Guam-Mom and her daughter sat across the aisle from us, one seat up. Having been to Guam to visit family, and returning via Hawaii, they'd been traveling for forty eight hours. One of those small, serious, Asian women, whose true age was hard to tell, she spoke little, yet garnered tremendous respect. Her daughter saw to her every need and was very protective of her without being overbearing. Once on the bus, Guam-Mom mostly slept, while her daughter read from her Kindle and quietly made and received calls on her cell phone. They must have had a rather large extended family, for as we finally neared their destination, the rate of her calls picked up. Someone would definitely be there to pick them up and surely everyone in the family knew they were home. Obviously, Guam-Mom was highly-treasured and well-loved.
Student Nurse sat across the aisle from us and was deep in conversation with the equally-young navy man who sat next to her. She had flown in from Colorado, where she was in school, to attend the funeral of a beloved aunt. Although she did not elaborate, she shared that she'd mostly been on her own and pretty much supported herself since she was sixteen. She may have had a rocky adolescence, but her vision was clear and her goal was set - she was studying to be a geriatric nurse. She'd already had experience in this field with some of the various jobs she's held over the years. She was so young, so motivated and enthusiastic, but also wise beyond her years. And why, my husband asked, had she chosen that career? How did she know that was what she wanted to do with her life? "Simple!" She said. "There is such a need and I love old people. And I want to make a difference in the world." Simple, indeed.

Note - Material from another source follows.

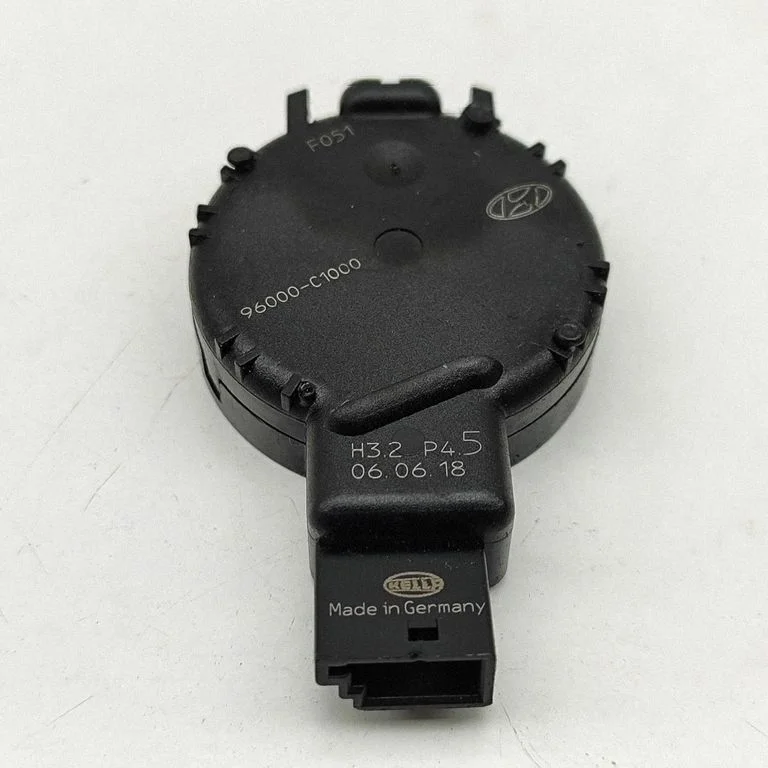Vihmaandur 96000C1000 – KIA Optima (2015-2020)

Navy Crew sat behind us in the long bench seat across the back of the bus. Just out of basic training, this group of four young men and one woman was headed to their first assignment at the submarine base. During the many hours we spent together, their conversation spanned many topics, with occasional silences when they catnapped. Dressed in their crisp black uniforms, they were obviously on their best behavior and proud of what they represented. As we finally drew close to their destination, they became more animated and strained to see out of the fogged-up windows. Their conversation became a series of questions: "Where are we?" "All I can see is trees and fog; looks like a real no-man's land." "How far will we be from town?" "How big is Bremerton, anyway? That small, huh?" "Dang, what's there to do around here?" "I'm really hungry; do you think there's any take-out places on base?" From the front of the bus, Mom-to-Be's voice rang out - "There's a McDonald's..." I can only imagine how exciting that sounded.

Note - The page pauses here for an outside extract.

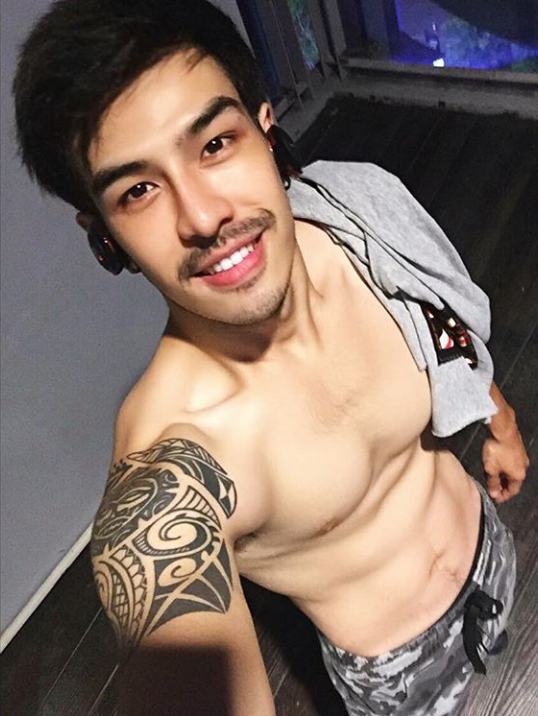 เซลฟี่^^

Grizzly Bear must have been all of four years old and was with his mother. It had been a long day for him also, and, unlike many of the children who travel today, he clutched only one small super-hero toy in his hand. The warm animal hat on his head was something he was not willing to remove for any reason. When they took the seat immediately in front of us and he popped up to peer over the top of his seat, I attempted to talk to him. Asking his name, I got no reply - only an impish grin. Several other questions got the same response. "Nice hat you have. Is it a squirrel?" No reply. "I know, it must be a puppy dog." Nothing. "Oh, I see - it's a raccoon." Giggles - "Must be a grizzly Bear!" So began the game of GRRRR! that day - all the way to Nowhere...
Do not dwell in the past,
do not dream of the future,
concentrate the mind on the present moment.